Criminality: NSCDC harp on security knowledge

The Nigeria Security and Civil Defence Corps (NSCDC) has reiterated the need for Nigerians to invest in training that would improve their security knowledge for a secured and criminally-reduced country.

Dr Hammed Abodunrin, the Commandant of NSCDC in Ondo State, made the emphasis on Sunday during a chat with the News Agency of Nigeria in Akure.

Abodunrin explained that the best form of security was personal security, saying that without knowledge of security, it would be difficult to know when dangers were looming.

He said that the deployment of technology and knowledge was an important factor to curb and reduce criminality in the country.

“If we don’t give security education, people won’t know. The best form of security is the one you provide for yourself. It is a reflex action. If you touch a hot object, you remove your hand. Nobody will tell you. That is what security is.

“If you feel that a place is not safe, you don’t go there. Nobody needs to tell you that. If there is any happening in the street of UK, within some minutes, security operatives will arrive.

“Not only because they have technology alone, but because they have a conscious population who can really tell the story and how it happened. Here, we don’t have such knolwedge.

“We can be saying slogan that when you see something, say something, but before you can say something, you must identify what you have seen. If you don’t know that what you have seen is dangerous, you won’t say anything.

“l don’t know how many journalists that can recognise an IED when they see it. That is why we want to also train media operators to know that their job is also risky.

“We will carry them along and see how we can protect them on the field. We have lost many of them.

“There are positions you should be when you are hearing gunshots. Except someone points a gun at you, you cannot be crippled by gunshots if are in such positions,” he stated.

On Ondo State Security Awareness for Everybody (OSSAE), the commandant said that the Commandant General of NSCDC had initiated the children’s version whereby school children would be taught security tips.

“The school security project is ongoing. We are succeeding in Ondo State, especially in the area of keeping people informed on personal security. The children version is the initiative of the commandant general.

“It’s to look at security threats around our schools all over Nigeria and how we can reduce such security threats.

“We want these children to know and when they know, they can talk. How can they sense rape when coming and how do they avoid it? Many of them fall victim because of their ignorance.

“So, we can know how we come in and fill in the gap, not that we will deploy our personnel there. We don’t even have enough personnel to do that.

“We are starting from secondary schools because we are looking at categories of children that can grasp what we are doing. We will still go back to primary schools, and of course, our target is also higher institutions,” he said.

According to him, the school security programme will be in phases.

“We have trained our own personnel.

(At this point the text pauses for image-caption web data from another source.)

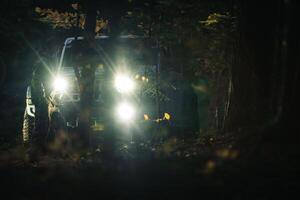 apagado la carretera desierto conducir durante noche horas foto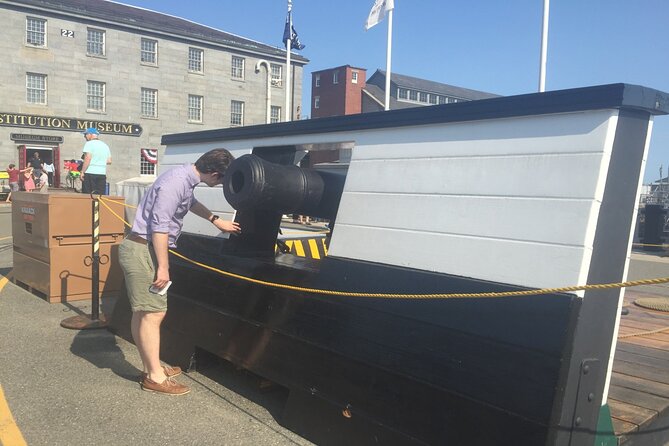 Boston Freedom Trail Self-Guided Tour with Audio Narration & Map - Charlestown finale: USS Constitution and Bunker Hill Monument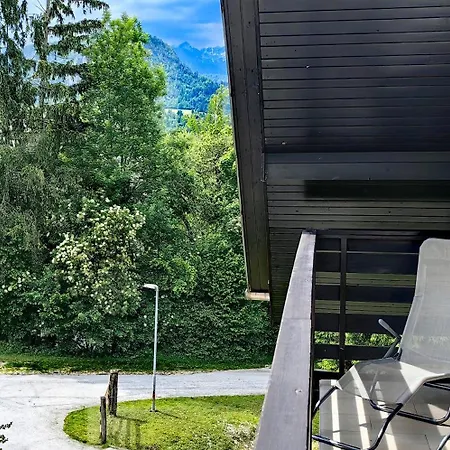 Aparthouse *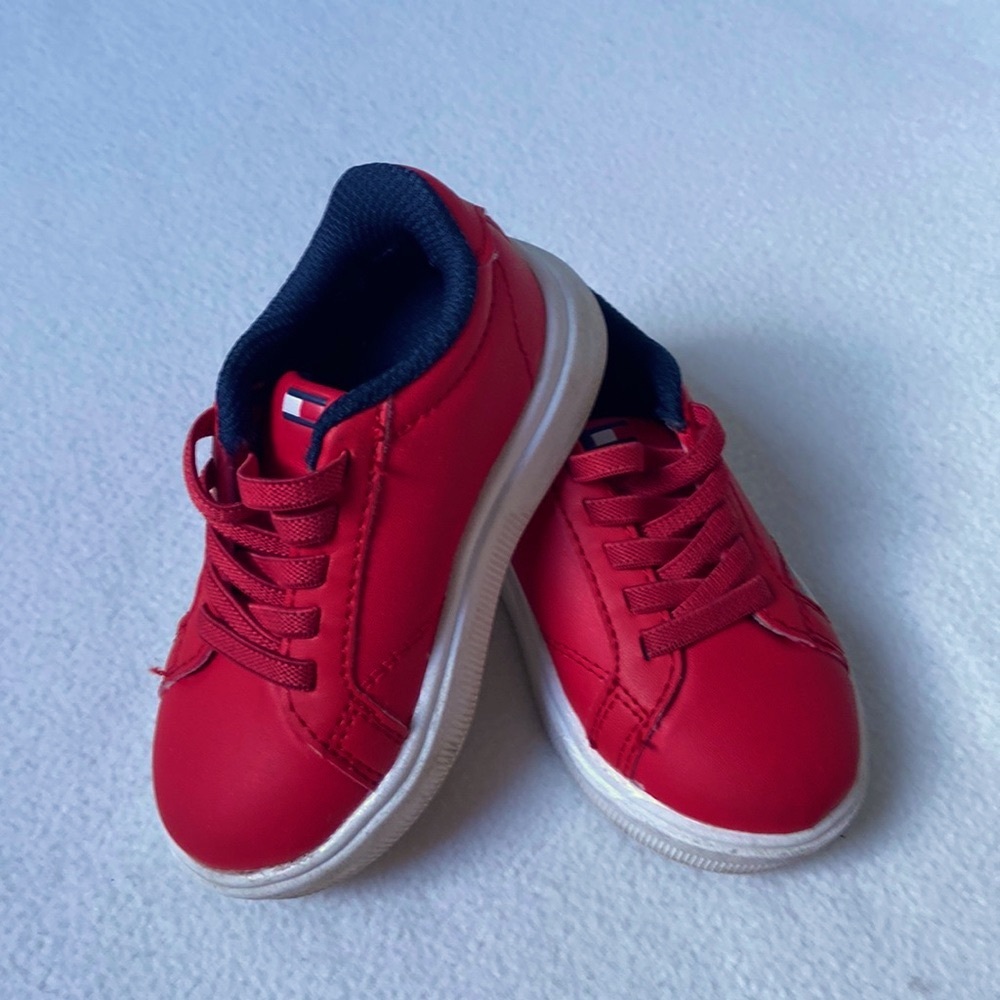 Tommy Hilfiger Walker / Toddler shoes | Size 5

The second one is training of teachers and another phase is the teachers’ training the remaining teachers in the school.

“The training is going to be extra-curricular activities spanning weeks and it will also make security agents look friendly to our children so that they can access them when in danger or being threatened.

“They will not see security personnel as oppressors but a particular set of people that can be of help as being done in other climes,” he said.

He decried the wrong notion about security opearives, saying such notion had also been passed to children who were scared by the uniform as they grew up.

“Personally, I did a reserach. I gathered about 100 children asking them if they had ever shaken hands with a policeman before, only two of them said yes. One of them is a child of a policeman and the other was in a Boys’ Brigade in his church.

“And I asked them about shaking hands with a soldier and they all chorused no. Some of them said they felt like entering the ground if they sight a soldier,” he stated.

Abodunrin also said that benefits of friendliness and good collaborations  between security operatives and members of the public could not be over-emphasised.

He tasked parents and guardians on a time-table to teach their children and wards weekly security lessons, saying that only moral lessons would not suffice.

Abodunrin cited an eight-year-old girl being violated by her headmaster, saying the girl did not talk until she was taught that she should not allow anybody to touch her “‘red area’, which is from neck to knee”.

He added that an enquiry was made and the “said headmaster confessed that he was just trying to be friendly with the girl.”